To do: Please reproduce the entries below exactly, starting at the first line and ending with the line that holds "Stephanie520 online show".

[Scraped caption text data]
....

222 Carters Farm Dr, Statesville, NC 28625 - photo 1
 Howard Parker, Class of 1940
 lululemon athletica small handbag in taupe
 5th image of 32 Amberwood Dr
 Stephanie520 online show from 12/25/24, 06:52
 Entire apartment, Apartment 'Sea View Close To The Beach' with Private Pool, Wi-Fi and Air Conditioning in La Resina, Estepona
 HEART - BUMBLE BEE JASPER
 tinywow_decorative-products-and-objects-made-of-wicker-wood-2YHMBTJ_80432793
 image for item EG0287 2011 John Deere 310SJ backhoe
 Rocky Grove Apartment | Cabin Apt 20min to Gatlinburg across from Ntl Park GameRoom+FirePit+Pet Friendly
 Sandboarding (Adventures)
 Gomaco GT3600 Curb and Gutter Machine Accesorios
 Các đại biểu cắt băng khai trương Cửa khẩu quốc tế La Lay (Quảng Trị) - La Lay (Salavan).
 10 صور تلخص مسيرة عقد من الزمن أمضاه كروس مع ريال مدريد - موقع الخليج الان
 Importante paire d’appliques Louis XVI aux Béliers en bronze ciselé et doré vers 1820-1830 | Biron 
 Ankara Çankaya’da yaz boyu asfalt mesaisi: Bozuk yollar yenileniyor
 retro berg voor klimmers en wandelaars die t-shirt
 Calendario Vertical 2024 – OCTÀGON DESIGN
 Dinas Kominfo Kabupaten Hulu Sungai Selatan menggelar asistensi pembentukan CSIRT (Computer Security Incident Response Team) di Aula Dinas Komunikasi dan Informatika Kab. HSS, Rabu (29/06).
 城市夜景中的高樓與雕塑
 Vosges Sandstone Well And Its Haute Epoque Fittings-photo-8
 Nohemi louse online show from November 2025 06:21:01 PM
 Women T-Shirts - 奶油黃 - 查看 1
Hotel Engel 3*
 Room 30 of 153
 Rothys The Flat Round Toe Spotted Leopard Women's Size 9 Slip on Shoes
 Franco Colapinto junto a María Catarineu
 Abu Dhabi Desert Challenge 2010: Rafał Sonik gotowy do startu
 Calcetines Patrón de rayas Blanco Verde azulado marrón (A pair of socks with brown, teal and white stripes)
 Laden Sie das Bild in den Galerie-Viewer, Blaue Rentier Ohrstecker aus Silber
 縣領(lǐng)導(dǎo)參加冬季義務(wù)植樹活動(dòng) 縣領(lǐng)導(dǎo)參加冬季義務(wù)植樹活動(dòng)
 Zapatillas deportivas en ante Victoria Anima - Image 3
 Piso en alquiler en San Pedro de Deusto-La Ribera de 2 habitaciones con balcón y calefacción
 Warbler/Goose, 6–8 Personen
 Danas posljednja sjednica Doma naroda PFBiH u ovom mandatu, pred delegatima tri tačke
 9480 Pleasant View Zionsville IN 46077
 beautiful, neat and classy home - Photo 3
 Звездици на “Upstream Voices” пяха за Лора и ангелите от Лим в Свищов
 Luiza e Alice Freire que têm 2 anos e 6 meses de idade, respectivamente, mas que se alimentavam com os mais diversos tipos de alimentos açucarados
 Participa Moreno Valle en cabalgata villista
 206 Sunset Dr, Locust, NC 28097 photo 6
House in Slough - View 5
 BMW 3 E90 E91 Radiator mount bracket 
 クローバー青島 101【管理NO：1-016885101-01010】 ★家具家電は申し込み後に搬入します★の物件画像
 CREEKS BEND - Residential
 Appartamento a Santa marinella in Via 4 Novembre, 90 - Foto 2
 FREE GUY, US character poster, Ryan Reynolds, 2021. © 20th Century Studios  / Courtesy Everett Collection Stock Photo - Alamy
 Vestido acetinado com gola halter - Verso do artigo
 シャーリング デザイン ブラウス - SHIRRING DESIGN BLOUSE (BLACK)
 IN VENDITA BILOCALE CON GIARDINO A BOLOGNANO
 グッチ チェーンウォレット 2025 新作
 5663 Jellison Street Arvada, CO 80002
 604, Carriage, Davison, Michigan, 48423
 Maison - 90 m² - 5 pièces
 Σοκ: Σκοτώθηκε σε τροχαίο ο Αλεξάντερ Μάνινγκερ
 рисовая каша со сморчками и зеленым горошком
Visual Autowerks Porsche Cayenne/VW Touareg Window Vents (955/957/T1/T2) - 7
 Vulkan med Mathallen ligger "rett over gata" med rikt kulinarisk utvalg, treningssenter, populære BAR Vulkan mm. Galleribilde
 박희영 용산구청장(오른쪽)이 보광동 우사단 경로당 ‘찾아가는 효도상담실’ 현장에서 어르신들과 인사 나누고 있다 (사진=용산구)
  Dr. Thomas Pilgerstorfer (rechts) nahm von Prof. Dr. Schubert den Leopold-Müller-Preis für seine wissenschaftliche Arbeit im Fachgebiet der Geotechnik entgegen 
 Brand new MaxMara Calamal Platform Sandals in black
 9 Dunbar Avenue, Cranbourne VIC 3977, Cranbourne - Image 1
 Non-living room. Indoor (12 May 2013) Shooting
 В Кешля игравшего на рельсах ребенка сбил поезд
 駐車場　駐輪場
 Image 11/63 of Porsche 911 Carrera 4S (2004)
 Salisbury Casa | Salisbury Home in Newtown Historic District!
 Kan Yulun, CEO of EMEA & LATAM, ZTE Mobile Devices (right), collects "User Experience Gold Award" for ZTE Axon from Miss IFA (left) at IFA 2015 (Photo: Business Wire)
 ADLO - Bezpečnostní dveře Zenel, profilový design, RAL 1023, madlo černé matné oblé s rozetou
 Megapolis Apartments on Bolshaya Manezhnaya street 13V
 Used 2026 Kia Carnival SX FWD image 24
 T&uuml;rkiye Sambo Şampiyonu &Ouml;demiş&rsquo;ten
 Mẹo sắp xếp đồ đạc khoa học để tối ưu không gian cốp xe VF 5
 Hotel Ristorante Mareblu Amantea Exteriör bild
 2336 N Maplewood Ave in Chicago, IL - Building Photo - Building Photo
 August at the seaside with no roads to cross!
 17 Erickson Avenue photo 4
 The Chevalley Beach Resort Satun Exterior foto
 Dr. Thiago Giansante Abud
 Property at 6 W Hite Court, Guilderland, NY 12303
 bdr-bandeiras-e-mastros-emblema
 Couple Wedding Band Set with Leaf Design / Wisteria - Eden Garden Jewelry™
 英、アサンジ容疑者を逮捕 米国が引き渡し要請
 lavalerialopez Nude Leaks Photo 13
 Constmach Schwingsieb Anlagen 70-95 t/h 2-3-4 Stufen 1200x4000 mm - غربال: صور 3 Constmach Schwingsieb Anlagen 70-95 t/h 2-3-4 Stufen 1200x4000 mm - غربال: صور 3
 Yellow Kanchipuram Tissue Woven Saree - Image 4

....

Solution to the problem:
222 Carters Farm Dr, Statesville, NC 28625 - photo 1
 Howard Parker, Class of 1940
 lululemon athletica small handbag in taupe
 5th image of 32 Amberwood Dr
 Stephanie520 online show from 12/25/24, 06:52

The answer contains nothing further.